Somit steht Chikamatsu monogatari in bester Tradition früherer Mizoguchi-Filme wie Osaka Elegy oder Die Schwestern von Gion, in denen ebenfalls starke Frauenfiguren versuchten, sich gegen sozialen Druck, die Erwartungen der eigenen Familie und ausbeuterische, untreue Männer zu behaupten. Die sich daraus ergebenden Konflikte sind in diesen frühen realistischen und in der Gegenwart spielenden Filmen aber sehr viel nachvollziehbarer und greifbarer als in dem in einer feudalen Vergangenheit spielenden Chikamatsu monogatari.

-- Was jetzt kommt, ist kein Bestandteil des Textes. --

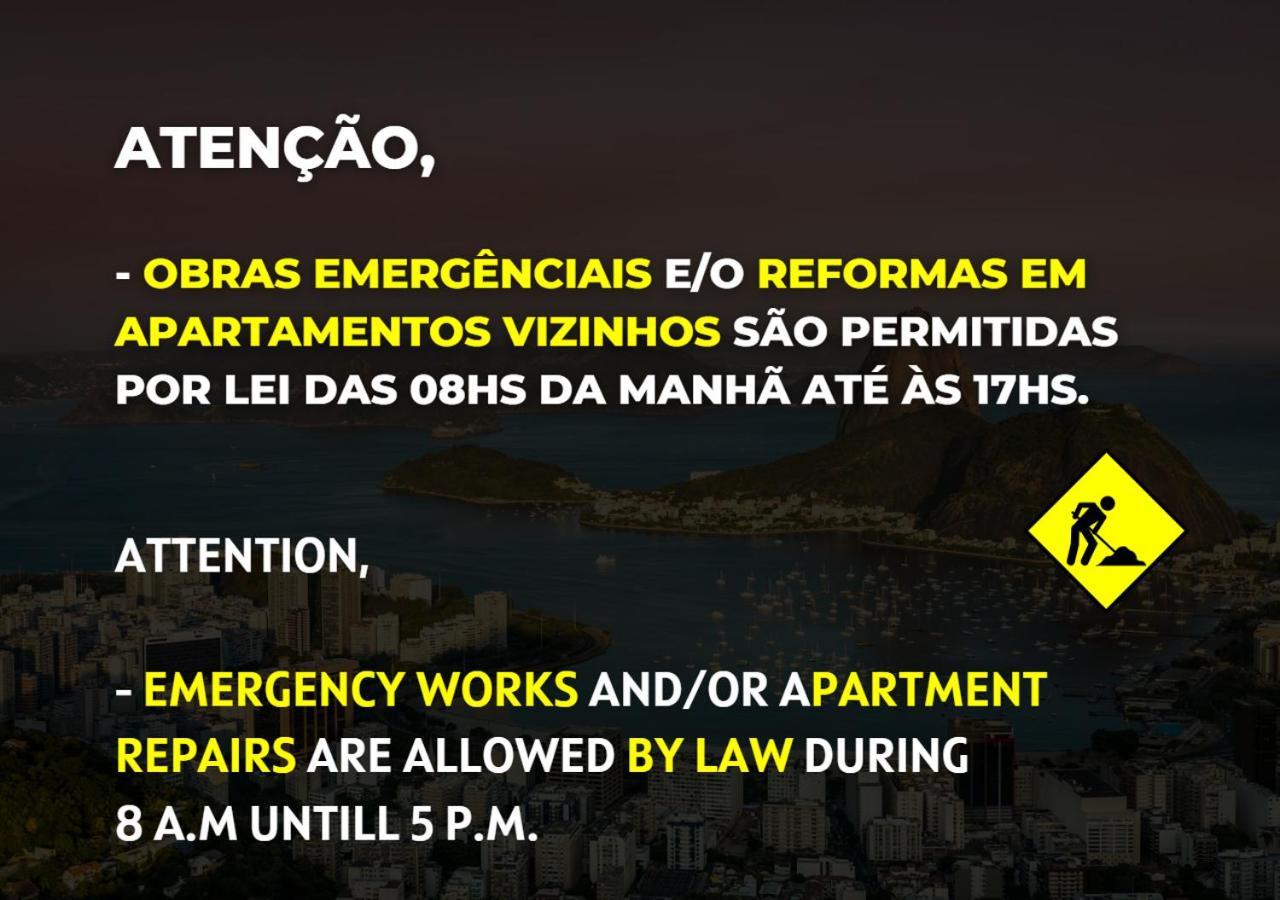 Flat Ipanema Com Garagem Apartman Rio de Janeiro Kültér fotó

Das tut dem Film letztlich nur geringen Abbruch, will er doch in erster Linie eine epische Liebesgeschichte erzählen, was ihm auch absolut gelingt. Ungewöhnlich für einen Liebesfilm jeder Zeit ist jedoch die Distanz, welche die Kamera die meiste Zeit hält und die uns kaum einmal einen close-up genehmigt, was aber zentraler Bestandteil von Mizoguchis Stil ist. Die ebenso typischen langen Kamerafahrten und die extrem langen Einstellungen dagegen kommen nur sporadisch zum Einsatz. In mancher Hinsicht ein typischer Mizoguchi, weicht Chikamatsu monogatari dann doch vom üblichen Kanon des Meisters ab.